[Collected data]

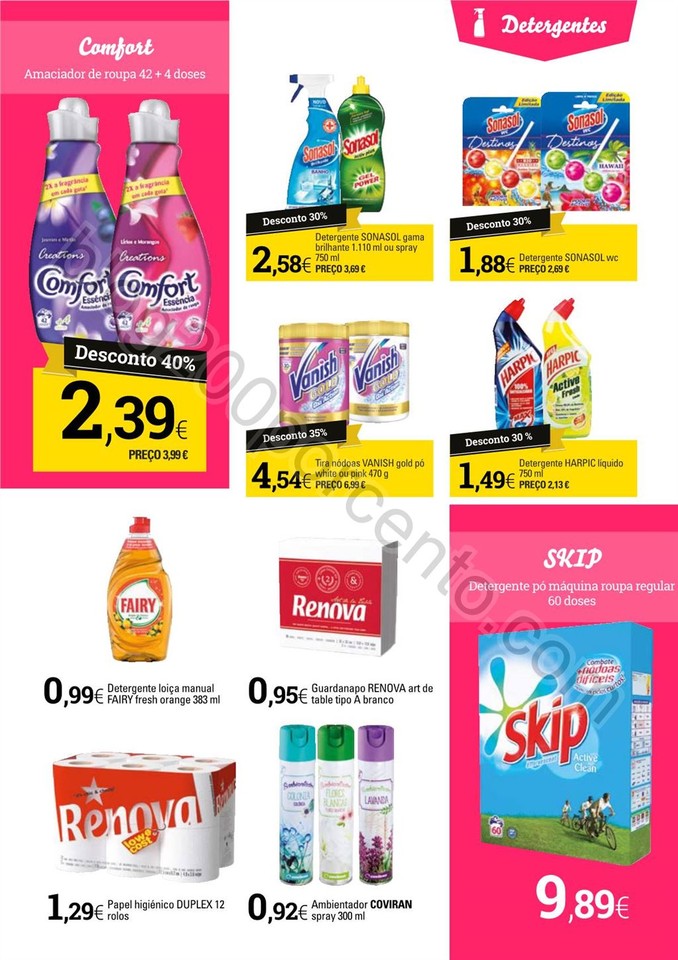 Novo Folheto COVIRAN Promoções de 22 agosto a 4 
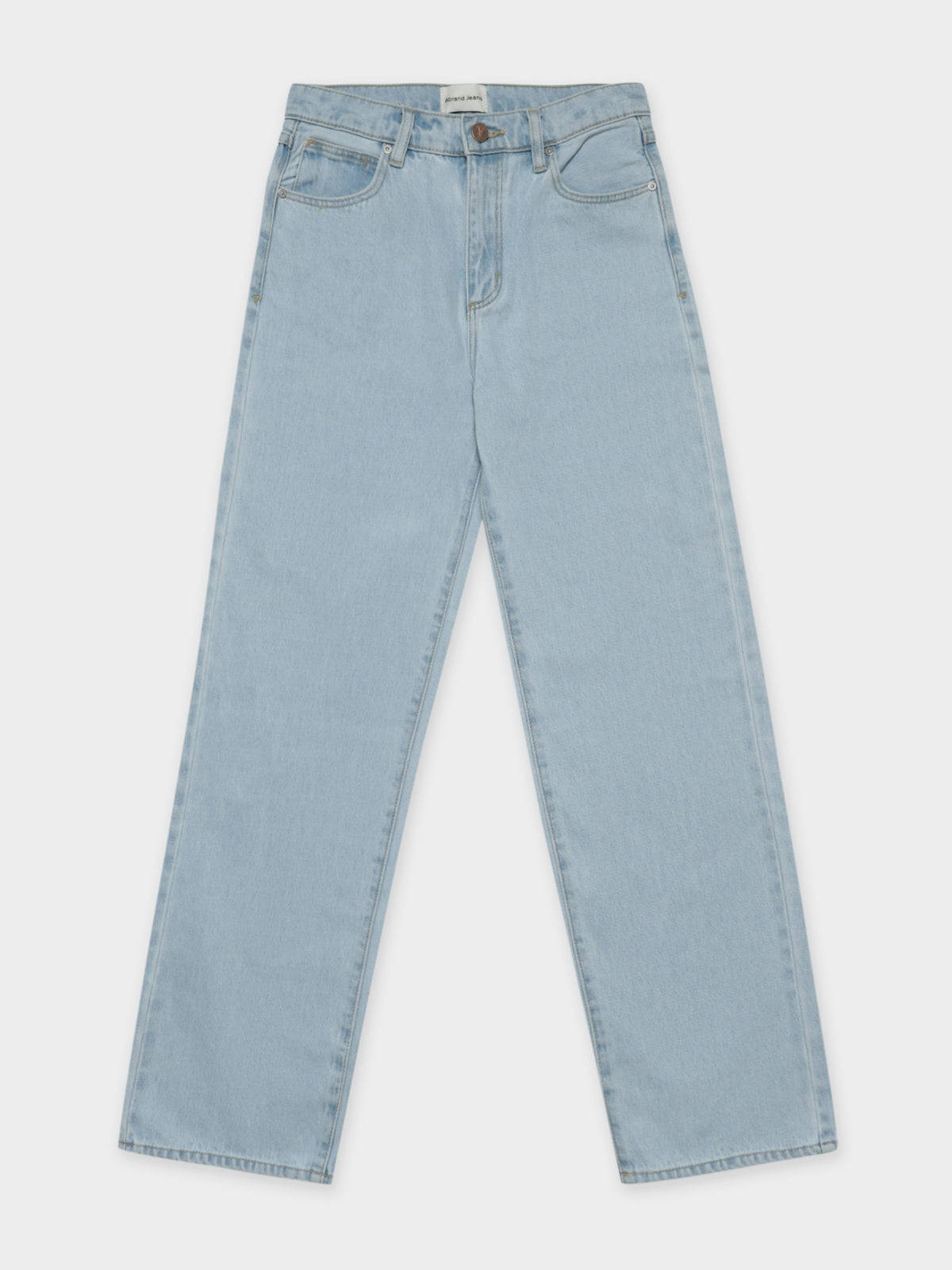 A Slouch Jeans in Bleached Stone Blue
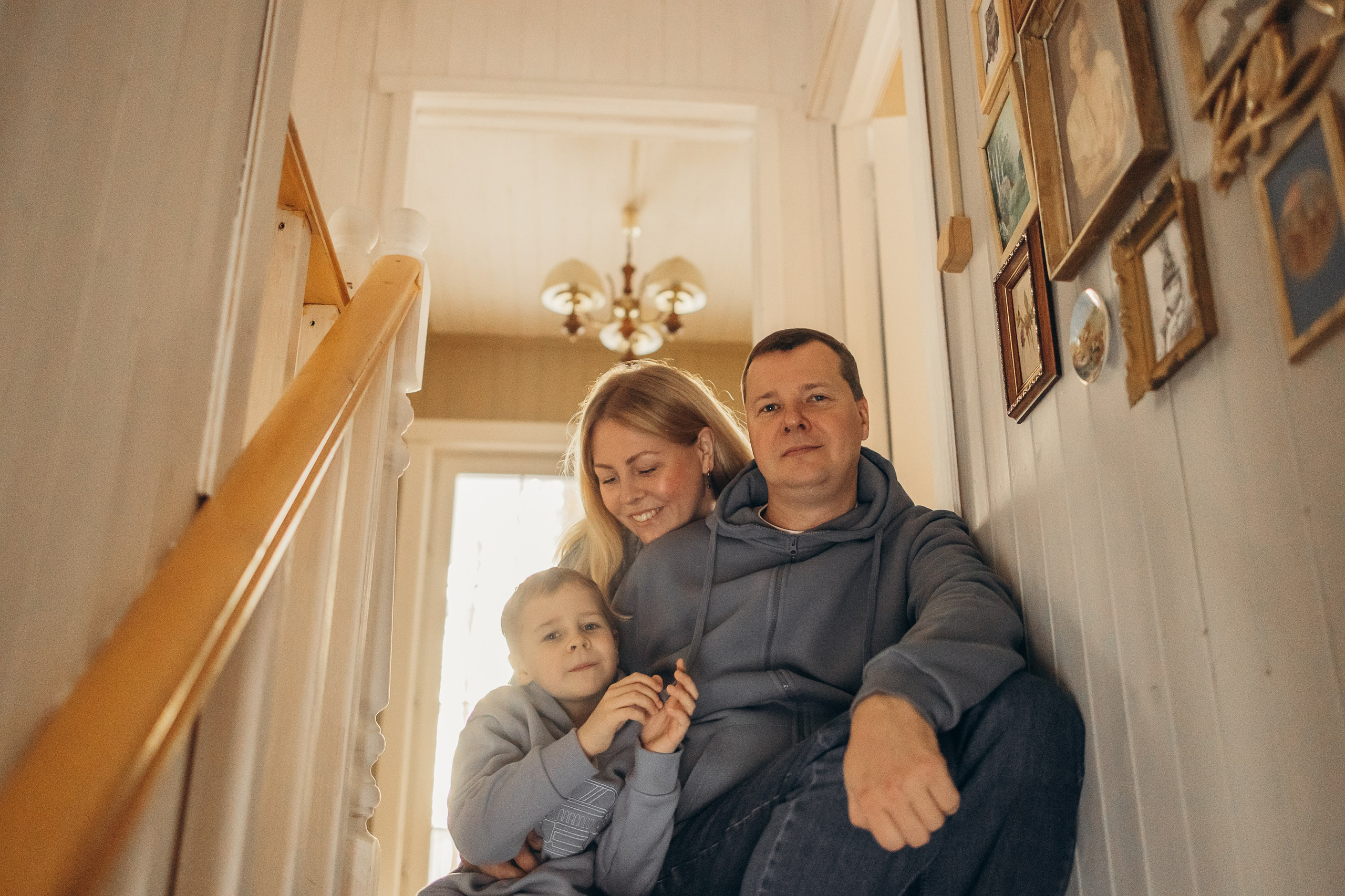Поездка на дачу «Ландыши». Семейный и детский фотограф, женский портрет Москва Светлана Мертикова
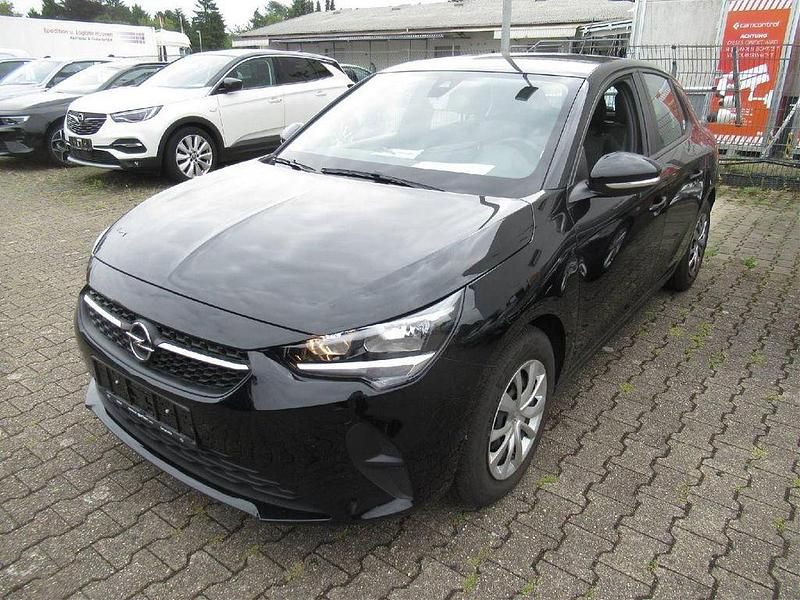 Gebraucht Opel Corsa Edition 75 PS (55 kW) 2021 Schwarz Kleinwagen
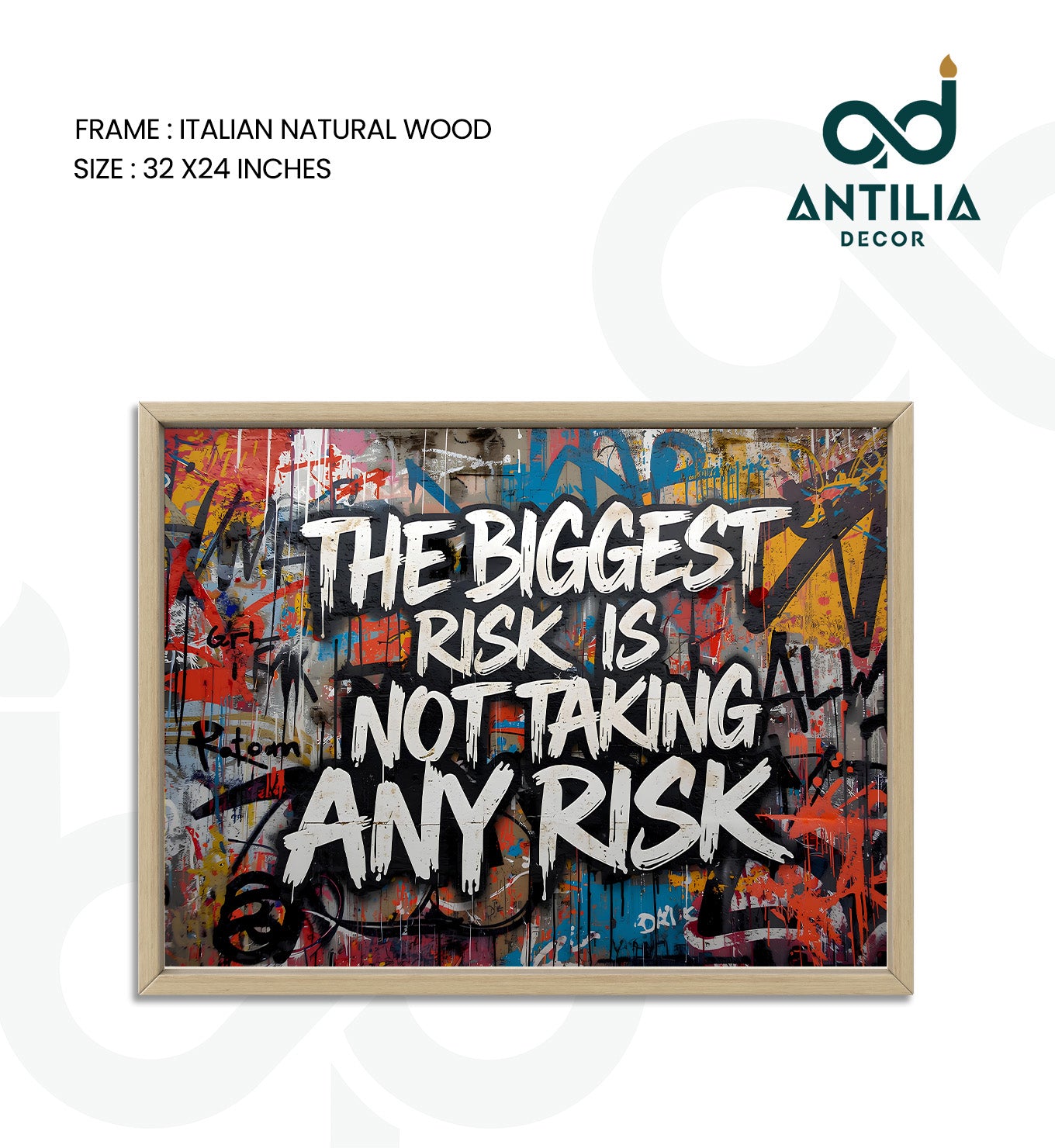 The Biggest Risk Is Not Taking Any Risk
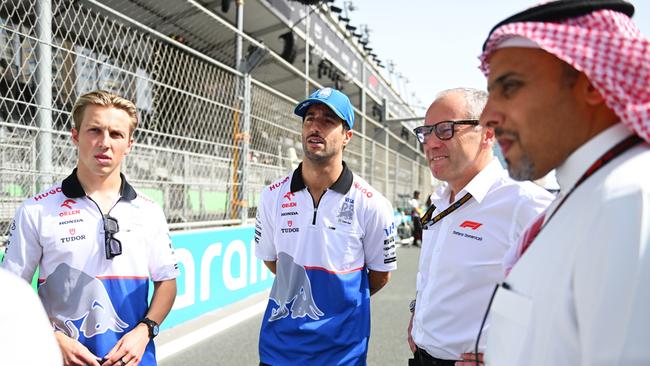 Lawson is knocking down the door for an F1 seat. (Photo by Rudy Carezzevoli/Getty Images)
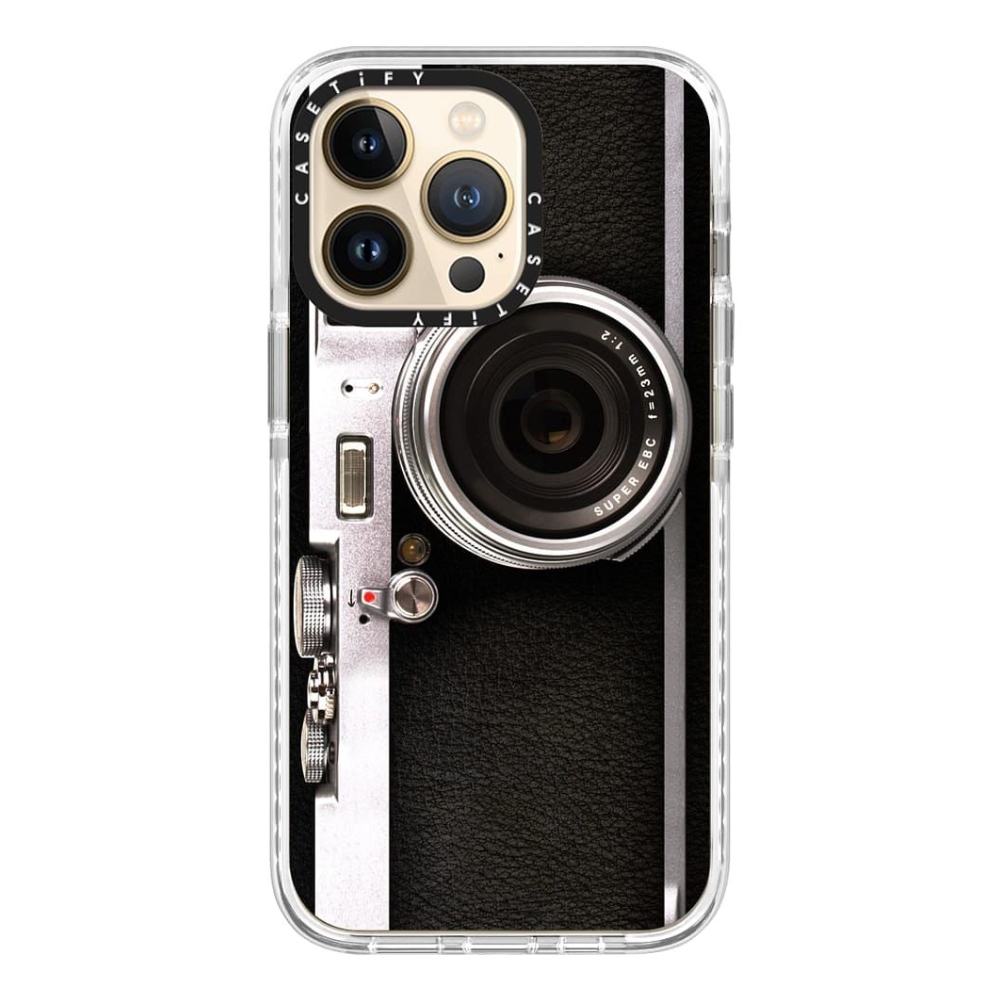 

Casetify magsafe case for iphone 13 pro - classic camera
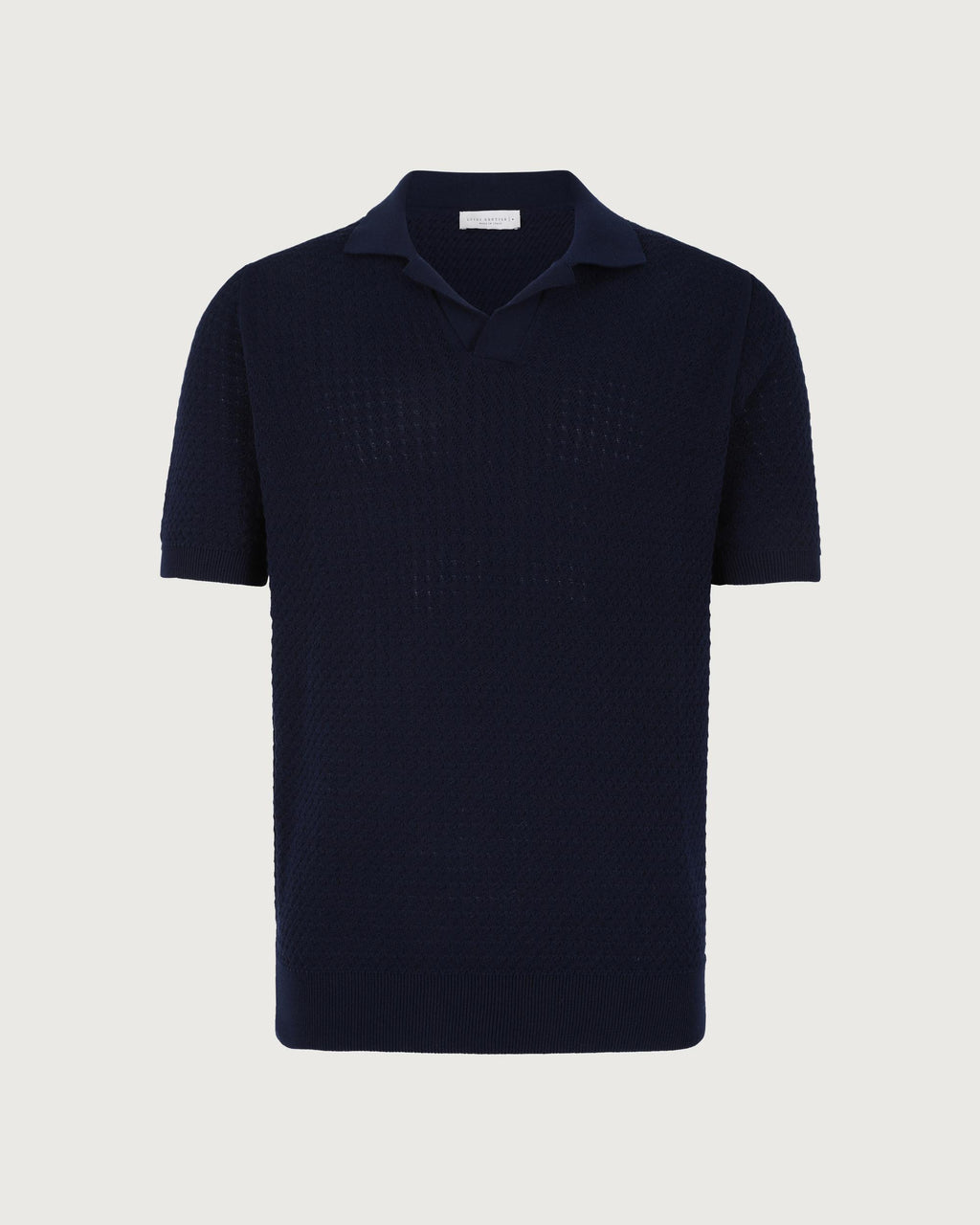 LUIGI GENTILE Polo Navy  LG1367 90 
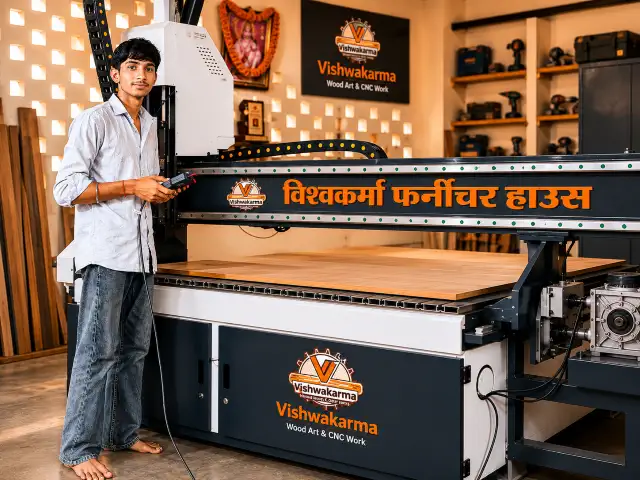 Vishwakarma Workshop – At Work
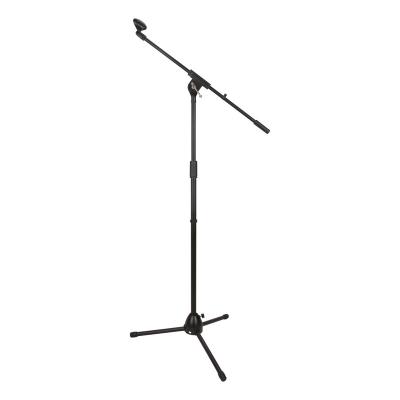 China High Quality Adjustable Heavy Duty Display MIC Stand Singer M-208 Microphone Stand Microphone Tripod Stand Professional Metal Waist Stand for sale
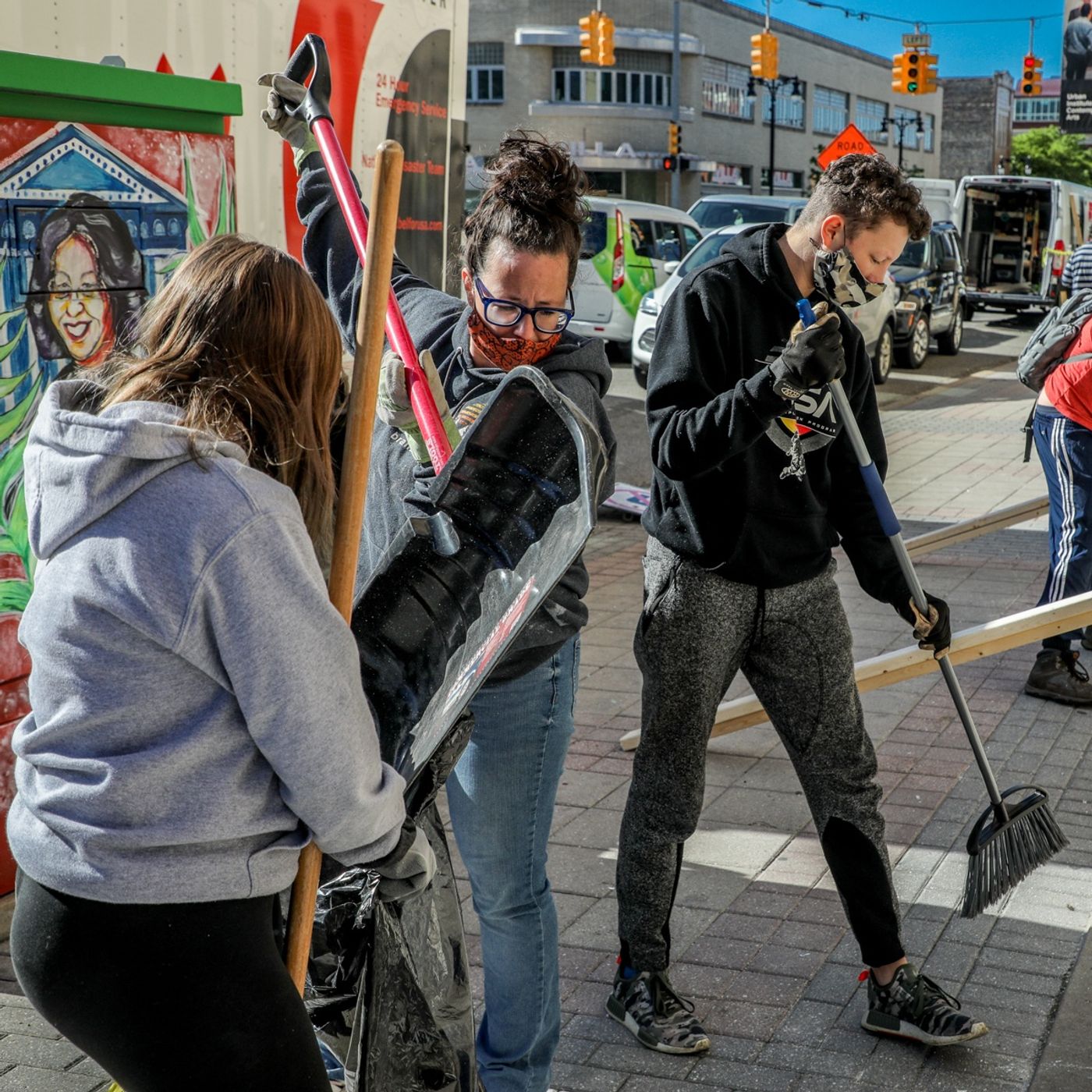 Civil Unrest in America & Downtown Grand Rapids & MLB vs. MLBPA Update episode artwork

TO DO – Would you set down the records above once more, exactly, with the pictures removed?

ANSWER TO THE PROBLEM –
 Novo Folheto COVIRAN Promoções de 22 agosto a 4 
 A Slouch Jeans in Bleached Stone Blue
Поездка на дачу «Ландыши». Семейный и детский фотограф, женский портрет Москва Светлана Мертикова
 Gebraucht Opel Corsa Edition 75 PS (55 kW) 2021 Schwarz Kleinwagen
 The Biggest Risk Is Not Taking Any Risk
 Lawson is knocking down the door for an F1 seat. (Photo by Rudy Carezzevoli/Getty Images)

Casetify magsafe case for iphone 13 pro - classic camera
 LUIGI GENTILE Polo Navy  LG1367 90 
 Vishwakarma Workshop – At Work
 China High Quality Adjustable Heavy Duty Display MIC Stand Singer M-208 Microphone Stand Microphone Tripod Stand Professional Metal Waist Stand for sale
 Civil Unrest in America & Downtown Grand Rapids & MLB vs. MLBPA Update episode artwork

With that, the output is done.